*** Record excerpts Section Begins ***

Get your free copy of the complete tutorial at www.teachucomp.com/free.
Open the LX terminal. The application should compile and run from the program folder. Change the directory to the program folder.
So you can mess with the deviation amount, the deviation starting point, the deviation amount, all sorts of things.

*** Record excerpts Section Ends ***
*** Record excerpts Section Begins ***

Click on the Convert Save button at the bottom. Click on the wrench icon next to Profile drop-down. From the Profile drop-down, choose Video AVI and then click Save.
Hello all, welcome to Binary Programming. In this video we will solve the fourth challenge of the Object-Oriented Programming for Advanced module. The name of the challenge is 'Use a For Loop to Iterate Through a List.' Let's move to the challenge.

*** Record excerpts Section Ends ***

Aim of the task:
The reply should consist solely of the lines above from the one that has "Get your free" through the one that has "Open the LX", reproduced exactly.

Solution for this problem:
Get your free copy of the complete tutorial at www.teachucomp.com/free.
Open the LX terminal. The application should compile and run from the program folder. Change the directory to the program folder.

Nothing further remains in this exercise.